**WHAT YOU NEED TO DO**
Whenever a line below holds the word "Piece", copy that line.

**AVAILABLE DATA**

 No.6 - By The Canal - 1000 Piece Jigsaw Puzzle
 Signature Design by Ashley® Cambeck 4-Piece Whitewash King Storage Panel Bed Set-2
...
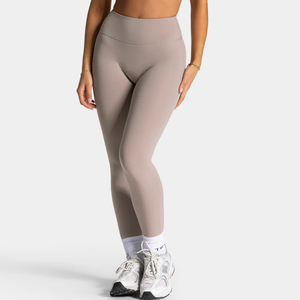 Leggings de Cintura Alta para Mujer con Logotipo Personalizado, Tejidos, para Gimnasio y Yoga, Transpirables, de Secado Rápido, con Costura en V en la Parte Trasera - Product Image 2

**EXERCISE RESULT**
 No.6 - By The Canal - 1000 Piece Jigsaw Puzzle
 Signature Design by Ashley® Cambeck 4-Piece Whitewash King Storage Panel Bed Set-2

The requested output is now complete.